The NFLPA was responding to the NFL's emergency filing on Friday asking the appeals court to overrule the Texas federal judge who granted a preliminary injunction of Elliott's suspension — seeking a decision as early as Tuesday. 

"Elliott’s fame and notoriety provide no license to ignore the longstanding federal labor policy preference to avoid judicial interference with the private dispute resolution process for which the parties here bargained," Eric Gambrell, one of the NFL's lawyers, wrote in the stay filing Friday.

The players' union sued the NFL on behalf of Elliott after commissioner Roger Goodell suspended Elliott in August after the league concluded — through its own investigation — the running back had several physical confrontations in 2016 with his ex-girlfriend. 

U.S. District Court Judge Amos Mazzant, the same judge who granted a temporary injunction last week, had a similar stay request in front of him already; Mazzant ruled Elliott's six-game suspension by the NFL was "fundamentally unfair.”

Sports law attorney Daniel Wallach said like the NFL's stay request with Mazzant, the league's prospects of getting a stay with the 5th Circuit aren't great. 
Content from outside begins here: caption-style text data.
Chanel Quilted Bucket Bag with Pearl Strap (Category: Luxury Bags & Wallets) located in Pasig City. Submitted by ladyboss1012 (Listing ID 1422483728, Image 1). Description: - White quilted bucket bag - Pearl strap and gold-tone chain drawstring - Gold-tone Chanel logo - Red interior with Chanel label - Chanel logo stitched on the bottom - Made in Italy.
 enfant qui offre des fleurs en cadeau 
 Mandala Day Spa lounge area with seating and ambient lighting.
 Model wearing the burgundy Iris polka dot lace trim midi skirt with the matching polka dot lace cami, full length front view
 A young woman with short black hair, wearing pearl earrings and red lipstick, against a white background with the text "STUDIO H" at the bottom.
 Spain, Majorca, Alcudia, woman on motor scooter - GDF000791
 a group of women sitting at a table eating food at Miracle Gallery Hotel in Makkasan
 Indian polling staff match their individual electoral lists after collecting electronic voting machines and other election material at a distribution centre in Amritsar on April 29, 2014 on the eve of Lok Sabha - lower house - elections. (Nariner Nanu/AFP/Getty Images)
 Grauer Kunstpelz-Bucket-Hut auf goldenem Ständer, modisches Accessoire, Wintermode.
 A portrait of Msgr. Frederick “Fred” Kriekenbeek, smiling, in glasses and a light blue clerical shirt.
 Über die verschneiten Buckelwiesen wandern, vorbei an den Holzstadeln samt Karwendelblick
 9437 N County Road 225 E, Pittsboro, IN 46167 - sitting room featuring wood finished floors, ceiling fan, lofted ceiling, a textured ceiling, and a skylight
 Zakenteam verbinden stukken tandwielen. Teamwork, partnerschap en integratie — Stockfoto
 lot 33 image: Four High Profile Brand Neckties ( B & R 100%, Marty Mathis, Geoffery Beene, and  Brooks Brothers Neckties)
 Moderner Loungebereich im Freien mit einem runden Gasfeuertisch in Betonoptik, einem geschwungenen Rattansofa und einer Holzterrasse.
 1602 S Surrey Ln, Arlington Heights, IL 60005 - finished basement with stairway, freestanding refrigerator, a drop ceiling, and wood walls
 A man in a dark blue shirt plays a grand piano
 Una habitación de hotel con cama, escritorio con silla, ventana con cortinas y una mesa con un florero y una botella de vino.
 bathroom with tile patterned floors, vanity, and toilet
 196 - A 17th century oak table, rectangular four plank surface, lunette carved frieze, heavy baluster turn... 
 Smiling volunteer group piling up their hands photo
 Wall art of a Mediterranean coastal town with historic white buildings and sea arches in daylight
"The motion will likely be denied due to the absence of any 'irreparable harm' to the league, as compared to plenty for Elliott," said Wallach, a partner at Becker & Poliakoff based in Fort Lauderdale, Fla. "If forced to serve his suspension now due to a stay of the injunction, he will be irreparably harmed by virtue of sitting out games that he will never recapture should he later prevail on appeal. There is no time machine that would enable him to go back in time and play those games."